Korean beauty is on the tip of everyone's tongues, sure, but Korean fashion is about to rock your world. This current season saw two of Korea's most promising and respected designers take the runways in New York City: LIE and GREEDILOUS. With the help of Concept Korea, a collaborative project bent on breaking Korean designers into the U.S. market, both LIE and GREEDILOUS' Fall 2018 collections became front and center of the womenswear conversation.
Though both collections were inspired by vastly different things (LIE being global warming, and GREEDILOUS being the glamour and romanticism that's come to replace the not-so-pleasant reality of Marie Antoinette), they represent a new guard of fashion, one that's, as GREEDILOUS' Younhee Park says, "very trend-forward" and affordable despite it being made with "such great quality." Both Park and LIE's Chung Chung Lee are at the forefront of the proliferation of Korean fashion, highlighting their culture's incredible marriage of technology, style, and wearability. Through their respective collections, the all-things-Korean trend is elevated beyond being just that, a trend. Instead, LIE and GREEDILOUS bring a movement with their work, one that's as livable as it is resilient.

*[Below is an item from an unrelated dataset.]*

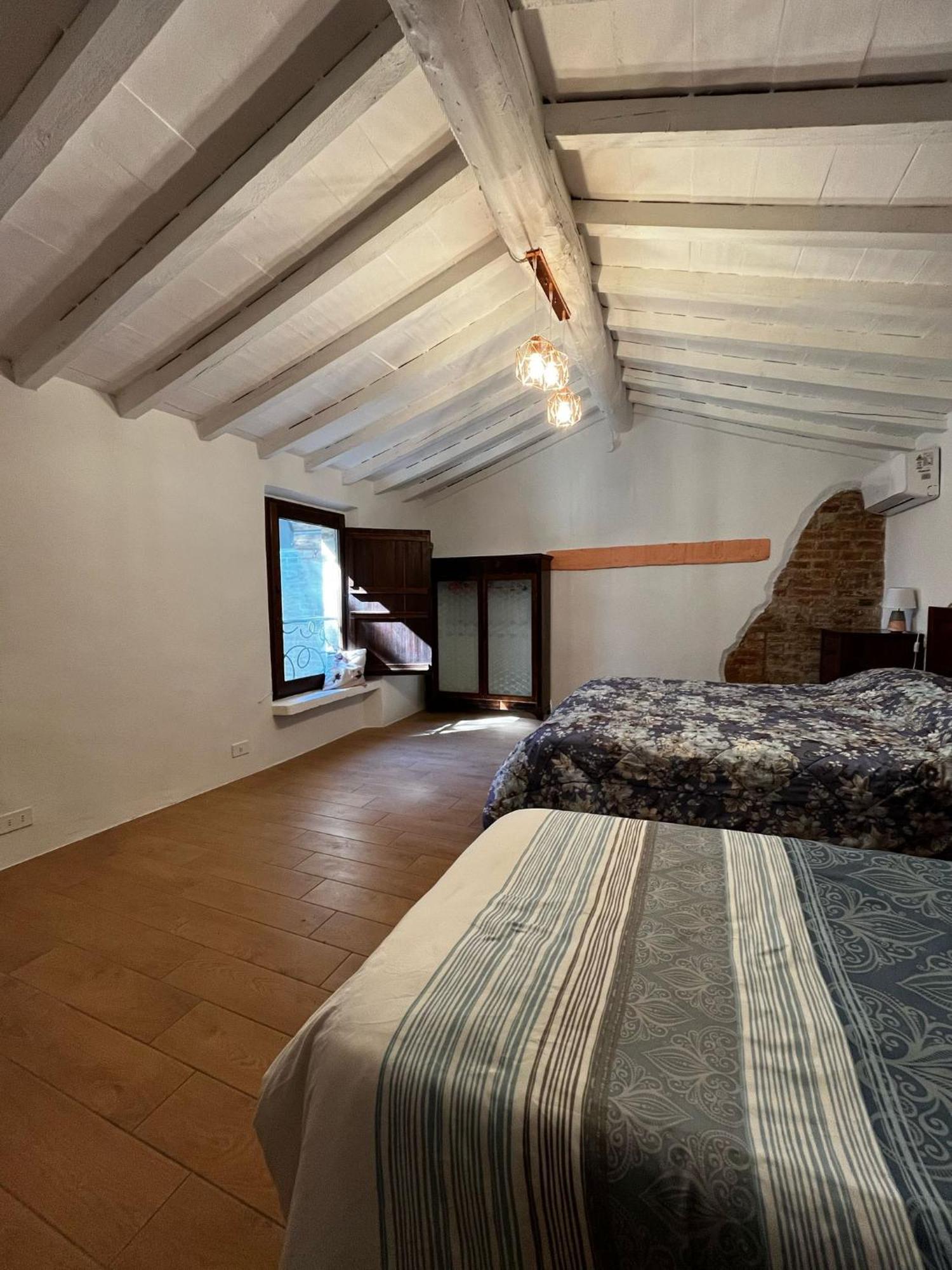 Agriturismo La Torre Di Monsindoli Siena Ngoại thất bức ảnh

Get to know the two designers in our exclusive interviews, below.
For LIE's Fall 2018 collection, Chung Chung Lee's main message was "It's not justICE." The play on words is meant to bring awareness to global warming—more specifically icebergs. He tells us that fractured icebergs were point of inspiration for many of the collection's prints, patterns, and details in addition to colors of the Arctic Northern Lights and blue skies. "They serve as a reminder that this beautiful environment could ultimately disappear," Lee says.

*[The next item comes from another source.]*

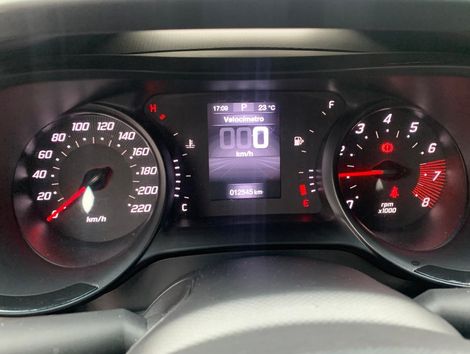 Fiat ARGO PRECISION 1.8 16V Flex Aut.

The challenge in design came with "having to connect multiple important elements together into one cohesive collection while maintaining LIE's signature feminine and athleisure aesthetics." Lee feels proud not only of the work but that the collection speaks to a larger global issue and has the power to change minds. Lee has made it that much easier to incorporate the Korean fashion idea of risk-taking, like "bringing in colors, layers, a soft-edge, and a lot of drama," into anyone's wardrobe. "Korean style is highly trend-driven and fast-changing," he says. "We are inspired by the understated of details across the industry and maximize that into a trend itself."
GREEDILOUS' Younhee Park attributes the rise of Korean style to the increasing desire to "[see] things in new ways and not fearing for changes." With that in mind, she looked to the aesthetics of "a beautiful and luxurious Marie Antoinette in the Palace of Versailles." (Think: Sofia Coppola's version only with more punk elements than frills.) To Park, those aesthetics pair wonderfully with the "glamorous and unique identity" of GREEDILOUS. "As a Korean designer," she adds, "I want to give a great confidence and power to women when they wear GREEDILOUS." And that comes with inspiring to think a little outside of the box and their comfort zone in favor of bold pattern, teased hair, and a whole lotta color. "Through this collection," she says, "audiences can experience how GREEDILOUS uses our brand’s own unique aesthetic to interpret iconic luxurious concepts, like Marie Antoinette."